I've just finished reading the Mladen Dolar book A Voice and Nothing More (yup- way late on that I know). Now I have finished it I feel pretty confident in my earlier diagrams and attempts to map Dolar's Lacanian dynamics of the Voice. So that's good.

Going back to the voice as the schism, the Moebius strip of logos and corporeal sound, of the (signifier) absences differential matrix being always locked into the dyad with nature, sound, song and temptation etc (I think I've ranted about this intrinsic relationship enough now, I think it's established) - can we think about the grey areas of this relationship? The grain of the Voice - as Barthes puts it is perhaps one of these but I'd like to focus on another: kissing.

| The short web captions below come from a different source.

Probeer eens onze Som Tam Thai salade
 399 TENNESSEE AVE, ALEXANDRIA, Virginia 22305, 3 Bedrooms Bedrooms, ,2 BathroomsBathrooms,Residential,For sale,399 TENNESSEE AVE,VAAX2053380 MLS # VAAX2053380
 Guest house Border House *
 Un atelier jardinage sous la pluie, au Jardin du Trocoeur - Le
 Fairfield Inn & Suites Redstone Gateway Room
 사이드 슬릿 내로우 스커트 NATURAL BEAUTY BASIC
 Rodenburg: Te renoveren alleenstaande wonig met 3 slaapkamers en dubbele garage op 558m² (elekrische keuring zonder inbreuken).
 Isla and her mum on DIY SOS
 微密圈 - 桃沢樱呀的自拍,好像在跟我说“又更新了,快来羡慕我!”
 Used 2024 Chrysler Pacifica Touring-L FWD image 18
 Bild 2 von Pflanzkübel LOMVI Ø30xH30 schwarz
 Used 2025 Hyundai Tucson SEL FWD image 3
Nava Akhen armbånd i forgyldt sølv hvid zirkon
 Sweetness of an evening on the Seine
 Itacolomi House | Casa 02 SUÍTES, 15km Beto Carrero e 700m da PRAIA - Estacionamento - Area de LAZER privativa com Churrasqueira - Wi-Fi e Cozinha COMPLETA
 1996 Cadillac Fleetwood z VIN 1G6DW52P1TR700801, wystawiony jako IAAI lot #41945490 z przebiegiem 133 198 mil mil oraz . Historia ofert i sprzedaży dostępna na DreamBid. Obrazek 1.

As Dolar observed in the last chapter "Kafka's Voices" (citing The Dog by Kafka) the mouth is either useful for eating, for survival OR employed as vessel for signifiers, logos and (if there is anyone listening) communication. The architecture of the mouth is quite functionally biased for eating and a result of evolutionary survival/consuming needs rather than phonic dexterity or vocal authority. In short this whole mechanism underneath our noses are just eating apparatus that we force, and torture into speaking (like a child is potty trained - calling up Lacan's amorphous beings here). The natural remnant always remains (hence Moebius strip diagram and metaphysical applications and evidence discussed previously) but there is little doubt for me that speaking is a new fangled task we force our jaws into enduring - all for the sake of, ever dominant (via the support of the exo remnant as before), logos. So with this dichotomy of survival/nature and communication/logos I began to dwell on acts, sounds and oral-modes that straddle or bridge this dynamic or that are not strictly eating or drinking based whilst at the same time operating autonomously from the the signification absence matrix of logos-communications - I landed upon kissing.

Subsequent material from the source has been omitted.